The differential diagnosis of haematochezia with contiguous rectal colitis includes infectious, inflammatory and ischaemic aetiologies. In our patient, the diagnosis of antibiotic-associated colitis could be considered, but antibiotic exposure was too short (only one dose) as was the time between antibiotic exposure and symptom development; moreover, the clinical evolution was very different from that observed in this clinical entity. The clinical course and the colonoscopic and histological features of our patient were typical of colon ischaemia.
Colon ischaemia is the most common manifestation of mesenteric ischaemia, being more common among elderly patients with several comorbid conditions such as hypertension, diabetes mellitus, vascular disease, chronic kidney disease, cardiac or vascular surgery, or a hypercoagulable state [1]. On the other hand, the presence of colon ischaemia in young patients should always raise the possibility of drug involvement, especially oral contraceptives, and migraine drugs, like ergotamine derivatives, which are associated with hypercoagulable states and focal vasospasm, respectively [3]. Intestinal ischaemia develops as a result of three mechanisms: non-occlusive colonic ischaemia, embolic thrombotic arterial occlusion, and mesenteric venous thrombosis. The colon is the region of the gastrointestinal tract most affected as a result of hypoperfusion. In addition, the colonic wall is thicker than the small intestine wall and contains fewer microvascular plexuses.

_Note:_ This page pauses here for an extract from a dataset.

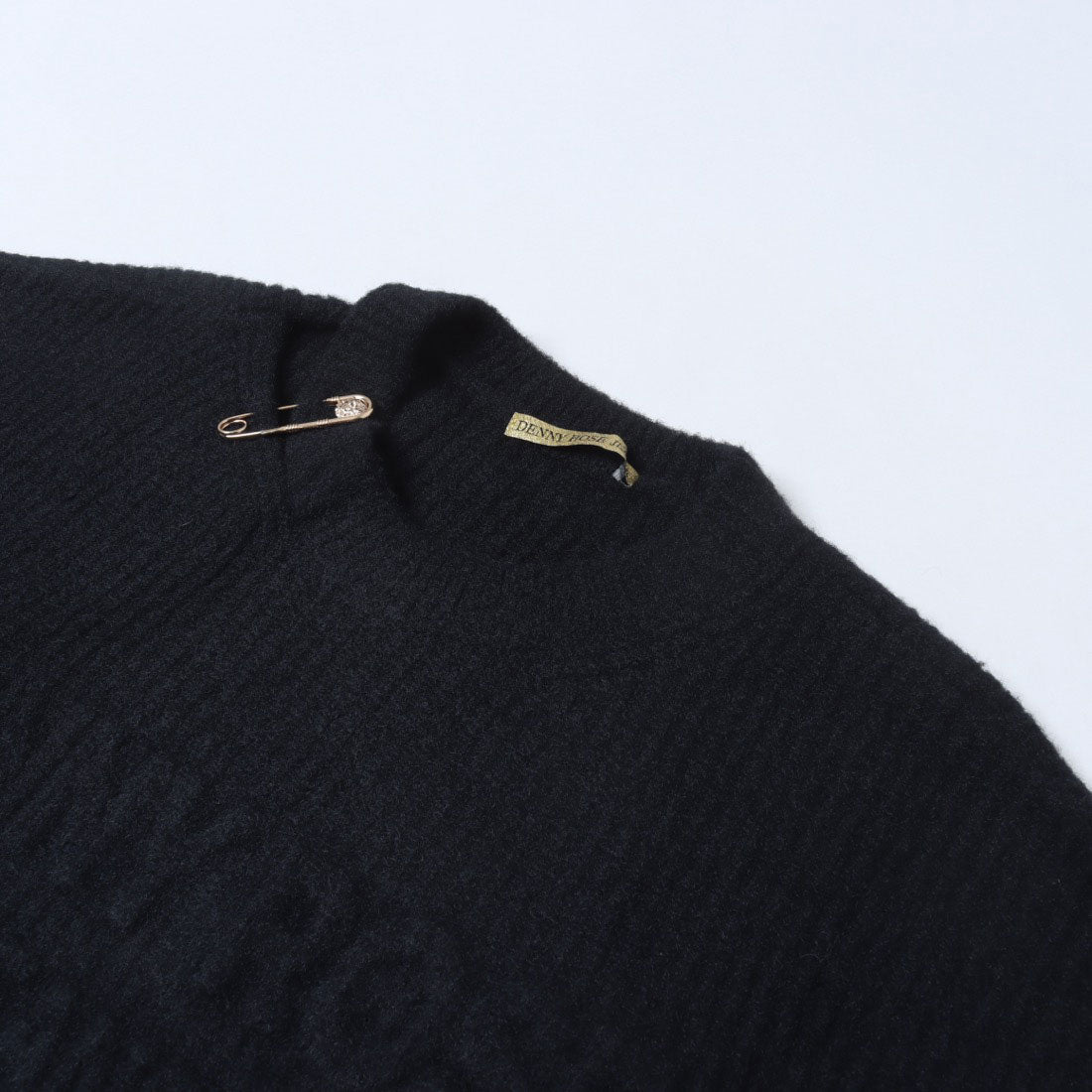 デニーローズ DENNY ROSE ブローチポイントロゴニット （BLACK） BLACK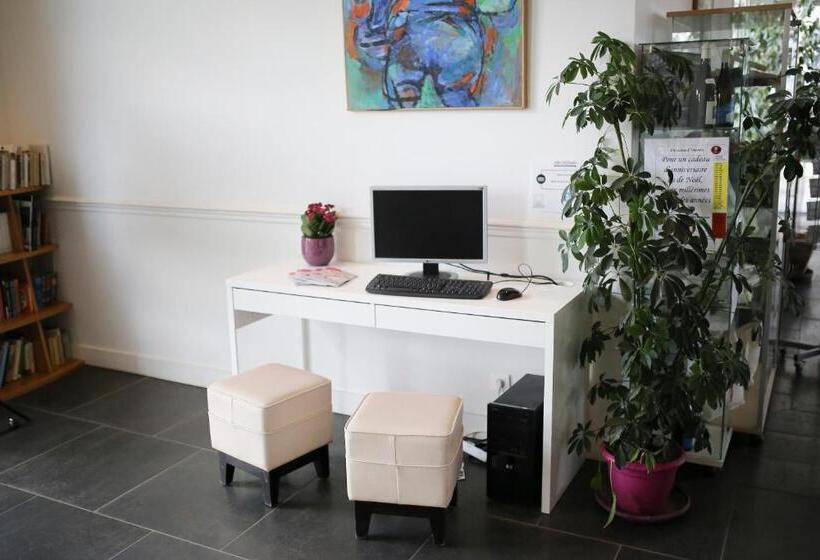 Отель Villa Bellagio Amboise By Popinns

Anaphylaxis is considered in patients who present an acute onset illness with typical skin features (urticarial rash or erythema/flushing, and/or angio-oedema) and involvement of respiratory and/or cardiovascular and/or persistent severe gastrointestinal symptoms [8]. Our patient did not present skin symptoms, but cutaneous symptoms are absent in around 10% of anaphylactic reactions [8]. Anaphylaxis is known to cause several gastroenterological symptoms – most commonly vomiting and diarrhoea – but rare intestinal bleeding from non-occlusive mesenteric ischaemia has been reported [9]. In our patient, transient hypotension could have caused gut hypoperfusion and subsequent colon ischaemia. In fact, the rectosigmoid junction is a specific area known to be vulnerable to ischaemic lesions due to limited connections with the main intestinal arteries. There was no histological evidence of direct or immune-induced gut damage. There was no clinical evidence of any other cause of colon ischaemia, such as alternative drugs or comorbid conditions, except the amoxicillin allergy and anaphylactic shock in this patient.
Although very rare, there are a few reports of anaphylaxis and colon ischaemia. To date only one case associates amoxicillin with colon ischaemia [5]. This case highlights the importance of drug review in young patients with colon ischaemia, since drugs may be associated with colon ischaemia through several mechanisms, including anaphylaxis. Although rare, colon ischaemia may occur several hours after anaphylaxis and thus, vigilance for blood loss is warranted. Apart from anaphylaxis treatment, patients should be advised for drug eviction and referred to allergy units for desensitization and further evaluation.